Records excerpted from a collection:
========================
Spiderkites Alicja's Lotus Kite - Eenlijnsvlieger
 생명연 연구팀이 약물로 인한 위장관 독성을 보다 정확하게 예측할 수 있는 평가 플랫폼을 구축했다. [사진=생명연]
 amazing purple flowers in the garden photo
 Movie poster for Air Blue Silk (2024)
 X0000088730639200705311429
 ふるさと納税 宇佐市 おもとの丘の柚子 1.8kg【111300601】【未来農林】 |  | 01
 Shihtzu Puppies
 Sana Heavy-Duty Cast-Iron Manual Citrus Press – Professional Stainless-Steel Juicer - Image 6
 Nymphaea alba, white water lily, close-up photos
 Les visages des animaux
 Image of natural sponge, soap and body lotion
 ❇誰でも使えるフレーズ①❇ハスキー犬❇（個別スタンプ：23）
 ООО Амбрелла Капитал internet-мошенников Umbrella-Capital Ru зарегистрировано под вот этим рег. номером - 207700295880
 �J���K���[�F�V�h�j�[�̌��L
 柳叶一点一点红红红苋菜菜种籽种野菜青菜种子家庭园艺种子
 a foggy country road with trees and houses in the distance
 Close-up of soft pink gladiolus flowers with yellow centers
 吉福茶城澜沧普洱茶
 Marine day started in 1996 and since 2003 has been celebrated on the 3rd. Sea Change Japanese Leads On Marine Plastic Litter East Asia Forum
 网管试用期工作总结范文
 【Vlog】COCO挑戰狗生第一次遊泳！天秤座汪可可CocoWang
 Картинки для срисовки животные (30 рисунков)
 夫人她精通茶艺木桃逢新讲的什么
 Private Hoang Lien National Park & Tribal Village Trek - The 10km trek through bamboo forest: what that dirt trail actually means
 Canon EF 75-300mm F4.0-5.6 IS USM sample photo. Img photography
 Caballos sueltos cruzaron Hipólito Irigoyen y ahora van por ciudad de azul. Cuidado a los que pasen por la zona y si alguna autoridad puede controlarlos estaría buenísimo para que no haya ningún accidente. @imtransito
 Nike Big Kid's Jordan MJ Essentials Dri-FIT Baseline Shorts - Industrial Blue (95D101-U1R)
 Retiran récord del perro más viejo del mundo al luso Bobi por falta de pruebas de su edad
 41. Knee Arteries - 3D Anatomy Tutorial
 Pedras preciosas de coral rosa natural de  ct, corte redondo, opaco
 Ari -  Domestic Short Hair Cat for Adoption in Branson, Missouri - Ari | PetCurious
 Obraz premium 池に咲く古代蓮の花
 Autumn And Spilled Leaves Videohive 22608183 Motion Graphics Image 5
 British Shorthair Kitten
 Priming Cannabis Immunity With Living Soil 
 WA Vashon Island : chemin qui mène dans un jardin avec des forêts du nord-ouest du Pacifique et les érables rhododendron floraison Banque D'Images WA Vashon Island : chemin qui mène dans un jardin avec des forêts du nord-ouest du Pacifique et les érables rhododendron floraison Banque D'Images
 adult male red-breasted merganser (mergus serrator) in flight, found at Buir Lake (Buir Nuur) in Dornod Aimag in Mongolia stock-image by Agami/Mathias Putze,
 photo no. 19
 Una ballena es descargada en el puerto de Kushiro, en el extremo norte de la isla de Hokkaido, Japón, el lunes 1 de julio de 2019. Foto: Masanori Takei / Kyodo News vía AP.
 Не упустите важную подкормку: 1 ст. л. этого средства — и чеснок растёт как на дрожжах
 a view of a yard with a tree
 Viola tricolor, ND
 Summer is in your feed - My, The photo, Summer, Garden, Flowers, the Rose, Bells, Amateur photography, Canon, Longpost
========================
In the lines above, find the word "photography" and copy each line that contains it.

ANSWER TO THIS EXERCISE:
 Canon EF 75-300mm F4.0-5.6 IS USM sample photo. Img photography
 Summer is in your feed - My, The photo, Summer, Garden, Flowers, the Rose, Bells, Amateur photography, Canon, Longpost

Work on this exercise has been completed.